Prompt:
When a picture appears in the listing, leave it out and copy the rest exactly as it stands.

---------- Provided data

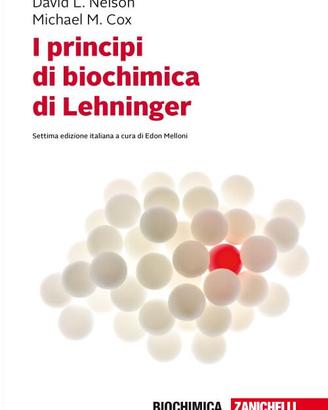 Lehninger: principi di biochimica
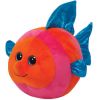 TY Beanie Ballz - SPLASHY the Fish (Regular Size - 5 inch) (Mint)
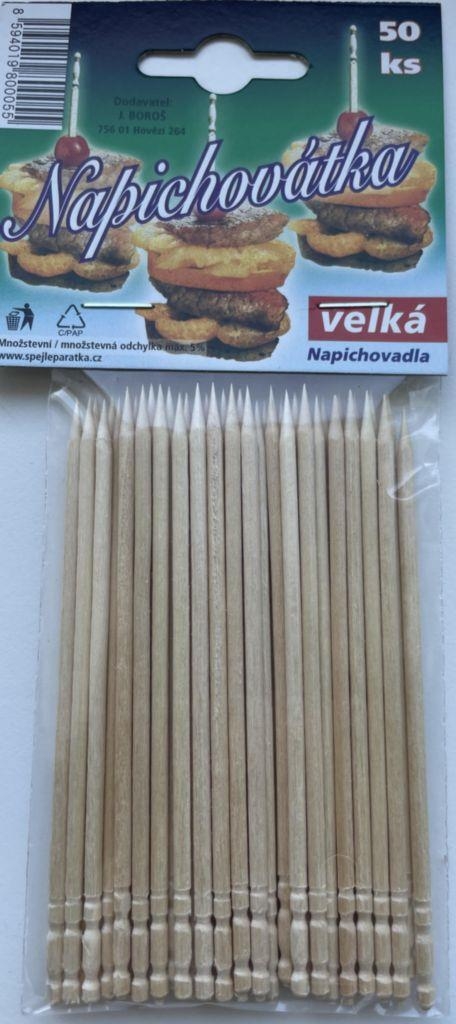 Domácnost a Zahrada - Napichovátka velká 50ks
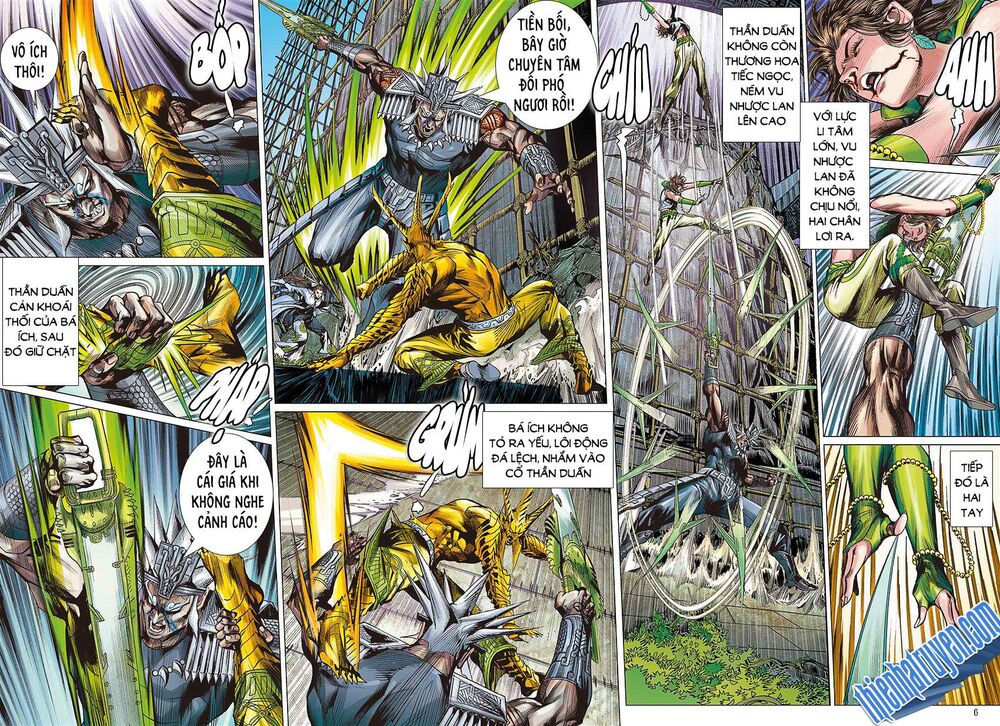 sơn hải kinh truyện chapter 247 6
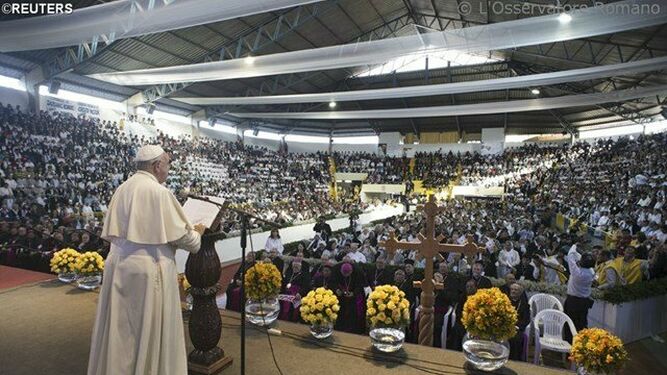 El Papa, y los movimientos populares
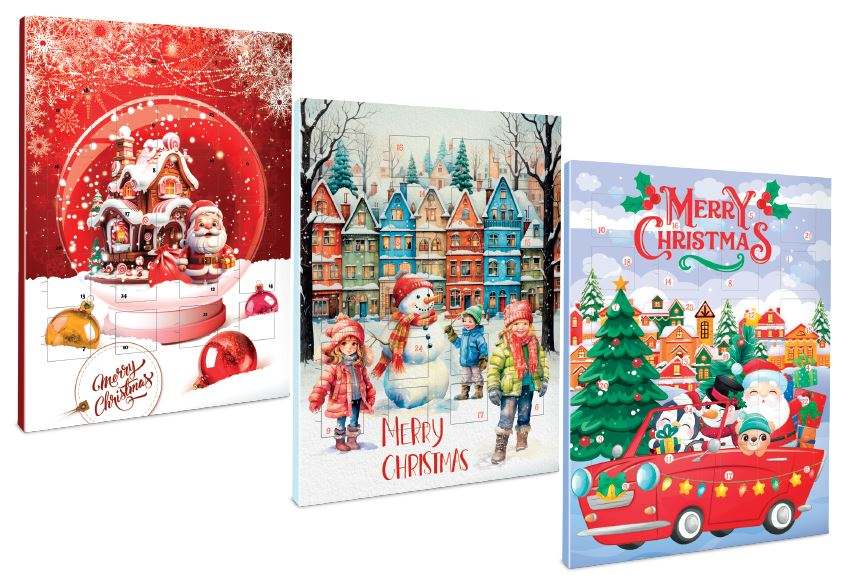 Calendriers de l'avent : photo du produit rappelé le 09/12/2024
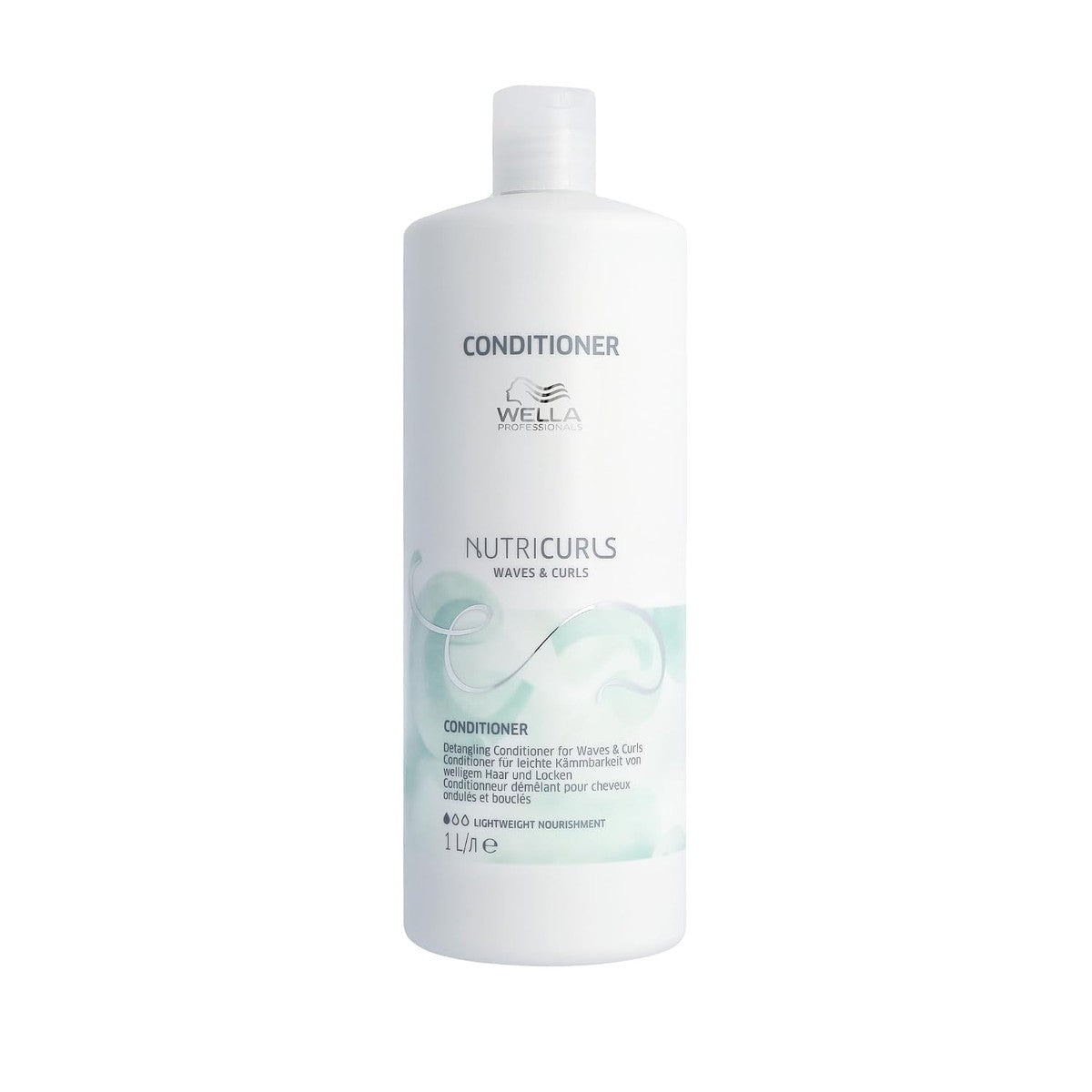 Wella Professionals NUTRICURLS Detangling Conditioner – Wella Professionals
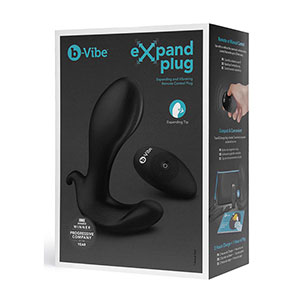 Napihljiv stimulator prostate b-Vibe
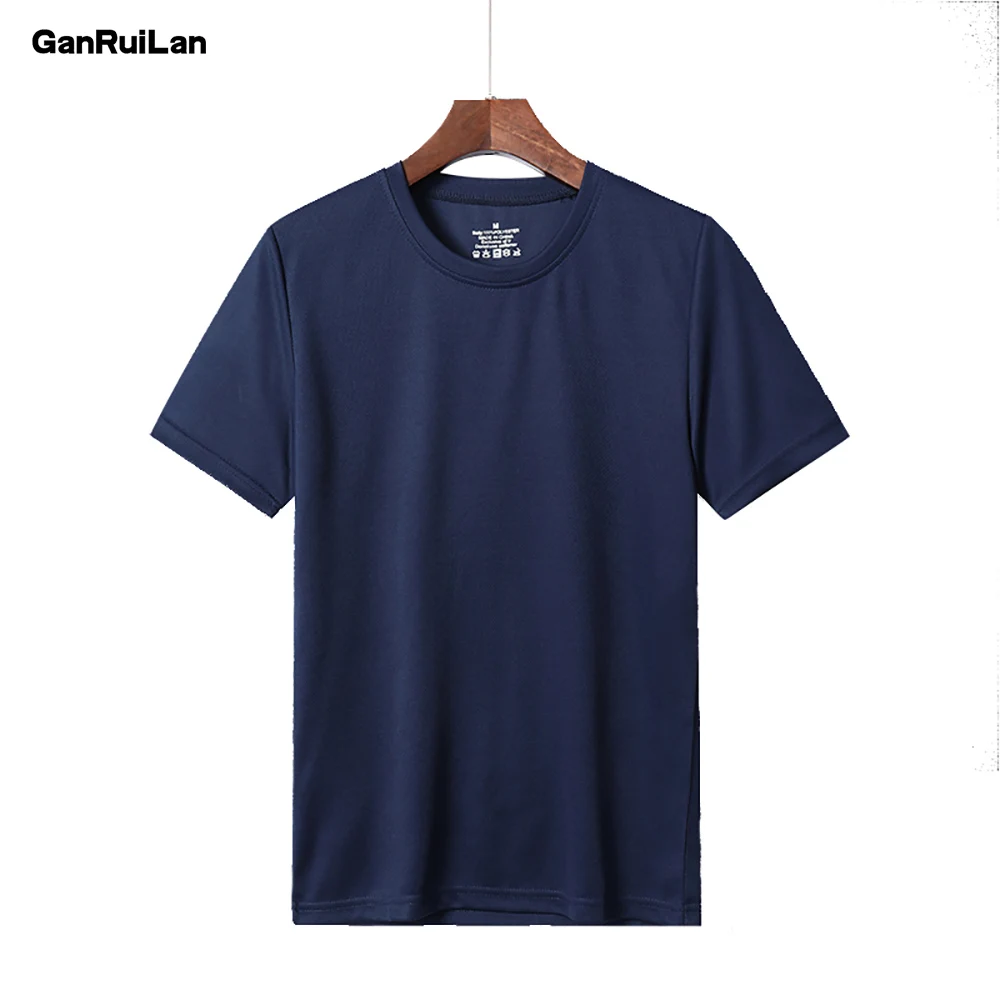 

2021 новая брендовая одежда для мужчин футболка фитнес-футболки мужские, Круглый ворот, футболка для маленьких мальчиков с изображением «чел...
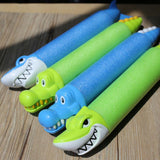 33cm Summer Water Gun Toys Pistol Blaster Shooter Outdoor Swimming Pools Cartoon Shark - Nioor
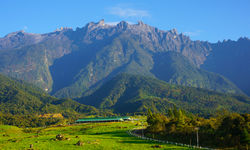 Kinabalu View, Borneo, Malaysia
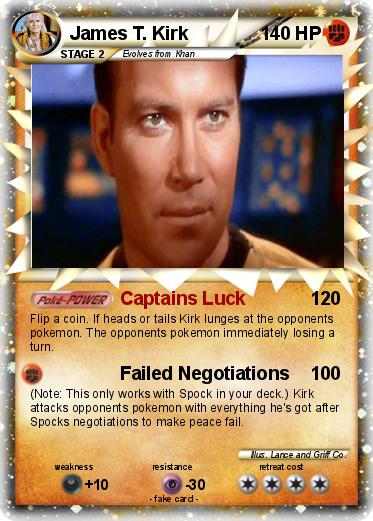 Pokemon James T. Kirk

--------------------

Task result:
 Lehninger: principi di biochimica
 TY Beanie Ballz - SPLASHY the Fish (Regular Size - 5 inch) (Mint)
 Domácnost a Zahrada - Napichovátka velká 50ks
 sơn hải kinh truyện chapter 247 6
 El Papa, y los movimientos populares
 Calendriers de l'avent : photo du produit rappelé le 09/12/2024
 Wella Professionals NUTRICURLS Detangling Conditioner – Wella Professionals
 Napihljiv stimulator prostate b-Vibe

2021 новая брендовая одежда для мужчин футболка фитнес-футболки мужские, Круглый ворот, футболка для маленьких мальчиков с изображением «чел...
 33cm Summer Water Gun Toys Pistol Blaster Shooter Outdoor Swimming Pools Cartoon Shark - Nioor
 Kinabalu View, Borneo, Malaysia
 Pokemon James T. Kirk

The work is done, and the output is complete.